Below is a block of entries; repeat exactly the lines starting at the line that contains "Trolley rigido, bagaglio a" and ending at the line that contains "Jodoh Sing Dadi Paksayang", both included.

» **Data records**:

++++++++++++++++++++

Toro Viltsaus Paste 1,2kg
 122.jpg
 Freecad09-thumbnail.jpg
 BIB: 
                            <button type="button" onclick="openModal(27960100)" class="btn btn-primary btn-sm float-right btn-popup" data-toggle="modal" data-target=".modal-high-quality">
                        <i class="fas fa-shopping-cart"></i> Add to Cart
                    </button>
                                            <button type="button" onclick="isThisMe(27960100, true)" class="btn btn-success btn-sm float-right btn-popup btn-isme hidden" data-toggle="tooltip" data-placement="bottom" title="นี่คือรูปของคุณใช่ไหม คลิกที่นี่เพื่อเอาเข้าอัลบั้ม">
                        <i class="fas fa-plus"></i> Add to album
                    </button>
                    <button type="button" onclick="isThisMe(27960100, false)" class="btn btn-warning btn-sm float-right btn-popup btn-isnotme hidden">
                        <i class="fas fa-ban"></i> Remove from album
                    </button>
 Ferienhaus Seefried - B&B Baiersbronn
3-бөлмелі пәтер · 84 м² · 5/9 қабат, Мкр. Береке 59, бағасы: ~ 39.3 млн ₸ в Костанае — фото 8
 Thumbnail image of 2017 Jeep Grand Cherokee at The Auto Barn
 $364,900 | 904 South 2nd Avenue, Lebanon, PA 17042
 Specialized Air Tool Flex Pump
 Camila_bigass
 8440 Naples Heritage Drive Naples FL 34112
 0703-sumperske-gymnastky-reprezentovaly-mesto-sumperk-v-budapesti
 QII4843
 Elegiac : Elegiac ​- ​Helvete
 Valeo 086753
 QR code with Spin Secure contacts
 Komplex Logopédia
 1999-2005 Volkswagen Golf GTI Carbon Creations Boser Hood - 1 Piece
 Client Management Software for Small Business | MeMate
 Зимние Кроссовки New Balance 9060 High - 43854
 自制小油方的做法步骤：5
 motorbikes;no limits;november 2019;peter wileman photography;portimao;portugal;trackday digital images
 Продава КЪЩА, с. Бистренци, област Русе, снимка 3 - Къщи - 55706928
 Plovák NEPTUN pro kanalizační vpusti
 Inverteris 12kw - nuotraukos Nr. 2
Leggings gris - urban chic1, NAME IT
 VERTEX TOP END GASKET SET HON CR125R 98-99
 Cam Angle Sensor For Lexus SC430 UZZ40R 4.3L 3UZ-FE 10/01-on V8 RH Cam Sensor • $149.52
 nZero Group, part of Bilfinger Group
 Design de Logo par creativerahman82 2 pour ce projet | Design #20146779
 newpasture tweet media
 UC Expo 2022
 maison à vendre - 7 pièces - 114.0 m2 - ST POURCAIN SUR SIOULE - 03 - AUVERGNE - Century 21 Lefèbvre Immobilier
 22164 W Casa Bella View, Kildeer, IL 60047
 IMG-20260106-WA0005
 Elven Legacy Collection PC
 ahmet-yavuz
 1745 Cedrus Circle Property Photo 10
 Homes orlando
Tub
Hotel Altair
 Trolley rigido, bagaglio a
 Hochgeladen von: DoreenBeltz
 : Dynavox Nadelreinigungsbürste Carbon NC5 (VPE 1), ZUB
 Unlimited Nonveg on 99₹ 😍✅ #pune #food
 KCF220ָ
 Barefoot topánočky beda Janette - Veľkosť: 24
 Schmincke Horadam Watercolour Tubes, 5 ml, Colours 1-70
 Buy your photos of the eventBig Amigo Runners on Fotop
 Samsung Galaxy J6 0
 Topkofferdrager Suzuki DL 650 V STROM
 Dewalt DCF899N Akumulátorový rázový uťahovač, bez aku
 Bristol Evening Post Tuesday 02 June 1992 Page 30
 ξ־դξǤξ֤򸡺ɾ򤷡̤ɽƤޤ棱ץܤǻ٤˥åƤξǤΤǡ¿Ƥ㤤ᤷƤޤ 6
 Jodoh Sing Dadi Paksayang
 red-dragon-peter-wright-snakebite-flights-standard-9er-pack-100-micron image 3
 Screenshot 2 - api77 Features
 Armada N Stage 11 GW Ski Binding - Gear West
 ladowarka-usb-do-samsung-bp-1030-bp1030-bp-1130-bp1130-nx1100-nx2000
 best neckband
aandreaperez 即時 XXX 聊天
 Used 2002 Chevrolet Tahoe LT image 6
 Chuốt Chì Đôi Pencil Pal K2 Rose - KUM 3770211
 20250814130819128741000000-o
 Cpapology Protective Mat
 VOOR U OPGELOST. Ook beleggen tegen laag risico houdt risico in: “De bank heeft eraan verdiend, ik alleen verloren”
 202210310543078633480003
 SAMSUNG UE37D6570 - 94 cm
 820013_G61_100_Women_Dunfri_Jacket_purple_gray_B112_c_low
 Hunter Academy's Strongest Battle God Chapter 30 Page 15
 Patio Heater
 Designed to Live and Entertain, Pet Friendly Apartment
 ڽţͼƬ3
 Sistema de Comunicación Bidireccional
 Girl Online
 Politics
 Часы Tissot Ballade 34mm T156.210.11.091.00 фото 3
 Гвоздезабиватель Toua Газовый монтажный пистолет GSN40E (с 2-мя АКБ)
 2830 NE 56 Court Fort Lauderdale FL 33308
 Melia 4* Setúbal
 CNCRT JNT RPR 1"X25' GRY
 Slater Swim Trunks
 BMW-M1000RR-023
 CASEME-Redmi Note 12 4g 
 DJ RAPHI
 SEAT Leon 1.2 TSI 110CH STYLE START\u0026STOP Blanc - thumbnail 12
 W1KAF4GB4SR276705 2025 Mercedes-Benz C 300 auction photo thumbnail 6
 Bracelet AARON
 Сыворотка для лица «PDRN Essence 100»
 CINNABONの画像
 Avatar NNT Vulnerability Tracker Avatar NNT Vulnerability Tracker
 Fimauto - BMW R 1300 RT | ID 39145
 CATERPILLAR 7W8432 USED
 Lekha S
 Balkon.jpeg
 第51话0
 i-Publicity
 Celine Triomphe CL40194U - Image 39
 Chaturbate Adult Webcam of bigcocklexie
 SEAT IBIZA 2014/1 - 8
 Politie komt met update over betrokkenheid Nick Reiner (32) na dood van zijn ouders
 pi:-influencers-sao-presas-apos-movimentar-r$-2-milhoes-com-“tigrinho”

++++++++++++++++++++

» **Final answer**:
 Trolley rigido, bagaglio a
 Hochgeladen von: DoreenBeltz
 : Dynavox Nadelreinigungsbürste Carbon NC5 (VPE 1), ZUB
 Unlimited Nonveg on 99₹ 😍✅ #pune #food
 KCF220ָ
 Barefoot topánočky beda Janette - Veľkosť: 24
 Schmincke Horadam Watercolour Tubes, 5 ml, Colours 1-70
 Buy your photos of the eventBig Amigo Runners on Fotop
 Samsung Galaxy J6 0
 Topkofferdrager Suzuki DL 650 V STROM
 Dewalt DCF899N Akumulátorový rázový uťahovač, bez aku
 Bristol Evening Post Tuesday 02 June 1992 Page 30
 ξ־դξǤξ֤򸡺ɾ򤷡̤ɽƤޤ棱ץܤǻ٤˥åƤξǤΤǡ¿Ƥ㤤ᤷƤޤ 6
 Jodoh Sing Dadi Paksayang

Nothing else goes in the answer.